それも当然だ。如何に大騎士といえど全長三十メートルの大怪獣に至近で睥睨されたなら、声すら出せずに恐怖に屈服する他ない。

 だが真紅の獣にとり、獲物の窮状など知ったことではない。獲物に動きがないと解るや、これ幸いにとばかりに凶悪な口を開いて―――リリアナ・クラニチャールの天上から紅い死を振り下ろしてきた!

 リリアナにこれを回避する術はない。そもそも躱すも何もない。騎士はいまだに指一本とて動かすことも叶わないのだから。彼女に出来るのは、ただ恐怖に戦慄き、瞳を大きく見開いて己の死を眺めることだけ。

 

 

 ―――そこに白い人影が跳び込んで来なければ、間違いなくそうなっていたであろう。

 

 

「……え? ぐッ――!」

 横から来た衝撃で彼女の小柄な体は簡単に吹き飛んでいく。地に五転六転してようやく体が止まっても、リリアナは起き上がれない。まったく現状認識が出来ていない彼女は、呆けたように、むくりと顔だけを上げて―――そこで見てはならないものを見てしまった。

「…………神無月宗一郎…………?」

 唇を震わせてリリアナは掠れた声で呟く。

 リリアナの瞳には神無月宗一郎が、なんと赤い巨犬に頭からがぶりと喰いつかれた光景が映っていた!

 真紅の獣は、まるで思わぬカタチで早々に難敵を仕留めたことに歓喜したかのように、若き神殺しの肉体に噛み付いたまま、巨大な頭部を天高く持ち上げて、勝利の美酒()を喉の奥に流し込む。

「がァ……。フゥ――!!」 

 自分の体外へと流れ出す血液をゴクゴクと呑み干していく異音を聴きながら、宗一郎が思ったのは、獣の口の中はあまり臭くないのだな、という心底どうでもいい感想だった。

 赤い巨犬の口腔に生えた剣山は、宗一郎の五臓六腑を完全に破壊していた。

 無論、問答無用の致命傷である。むしろ、心臓まで貫かれて息があるどころか、思考能力まで正常を保っていることの方が異常であった。

 おそらく魔王の肉体は心臓を破壊されたとしても、また首を斬り落されたとしても、即死に至ることはないのだろう。神殺しを即死に至らしめるのには、脳を完全に破壊する他ないらしい。

 と言っても、あとせいぜい数秒の寿命(いのち)に過ぎない。今も物凄い勢いで生命の砂時計が滑り落ちていくのを、宗一郎は感じ取っていた。

“どうして……!?”

 ふと宗一郎はそんな言葉を聴いた気がした。一瞬幻聴か、と思ったが違うだろう。おそらくはあの女騎士の声だ。どうやら彼女には宗一郎の献身に異論があるらしい。

 残り少ない血を溢しながら、宗一郎は苦笑する。とはいえ、純粋な善意に満ちた献身とは程遠いが。

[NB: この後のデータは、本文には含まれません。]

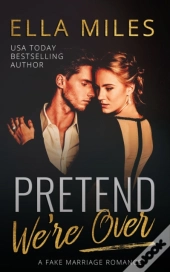 Pretend We'Re Over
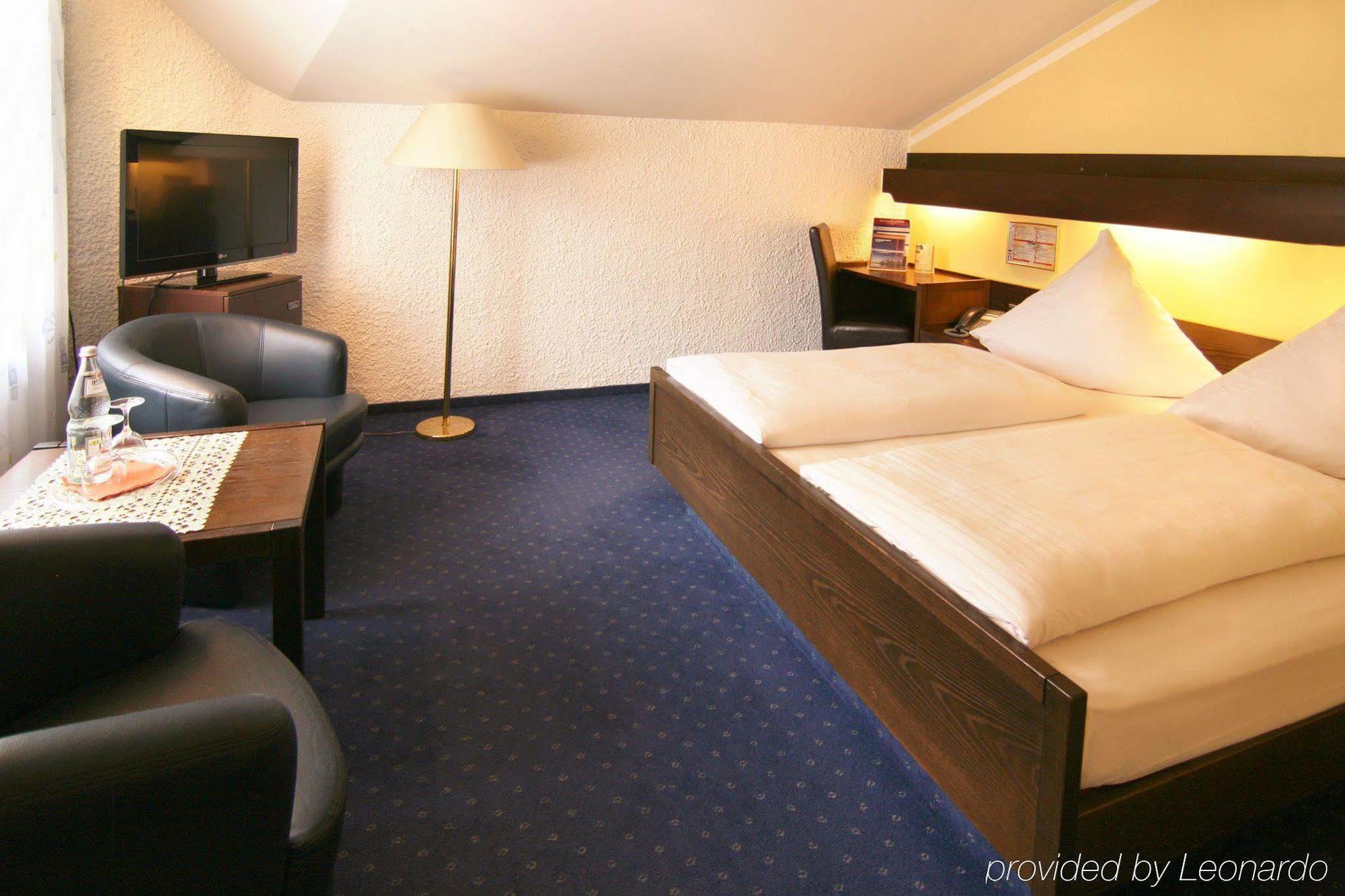 Hotel St. Georg Regensburg Dış mekan fotoğraf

 宗一郎がリリアナを庇ったのは、無力な少女を救うための英雄的行為、無私の献身ではない。魔王が騎士を救ったのは、ひとえに第二の超権を行使するための理由づけ。こうする必要があっただけに過ぎない。

 決断力を欠く宗一郎でも、事ここに至っては、胸の奥深くに埋めていた手札を晒すことに躊躇いはない。

 ああ―――そうだとも、こんな結末など断じて認めるわけにはいかない。クー・フリンとはもっと相応しい決着の付け方がある筈だ。

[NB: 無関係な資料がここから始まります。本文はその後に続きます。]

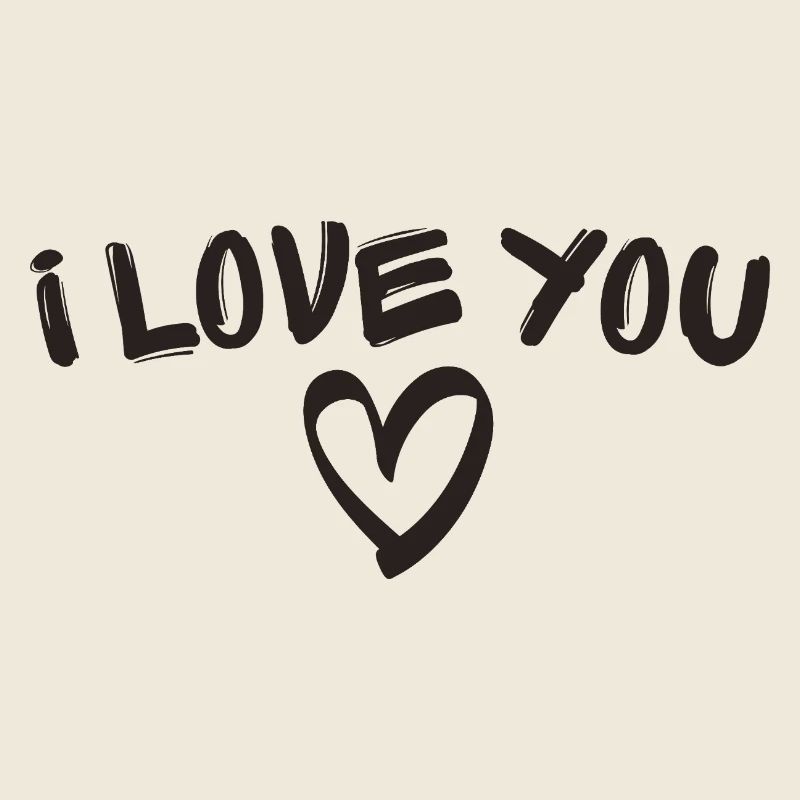 Je t’aime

 何よりも宗一郎にはすべての神々を打倒するという悲願がある。こんな処で死んでいる暇はない。

 ごふっと咳き込む宗一郎。が、もうあまり血も出てこない。意識も徐々に薄れつつあるようだ。どうやら最期のときが来たらしい。こんなおぞまし経験をあと何度経験する羽目になるのだろうか。

 奇しくもクー・フリンが呟いたように、宗一郎も胸中で思う。このままおめおめと敗北を認めてしまうよりはいい、と。

 戦士であることを捨て理性なきケダモノと化してまで勝利を求めたクー・フリンと同じく、宗一郎もまた勝利のために戦士の誇りを捨てる。

 すべては勝利を手にするために。

 死の間際、宗一郎の脳裏によぎるのは妹である佐久耶のことではなく、命を救ったリリアナのことでもなかった。

 黄金色に輝く大麦―――『穀物』のイメージが胸に満たされる。それを最後に宗一郎の魂魄は闇へと沈んでいった。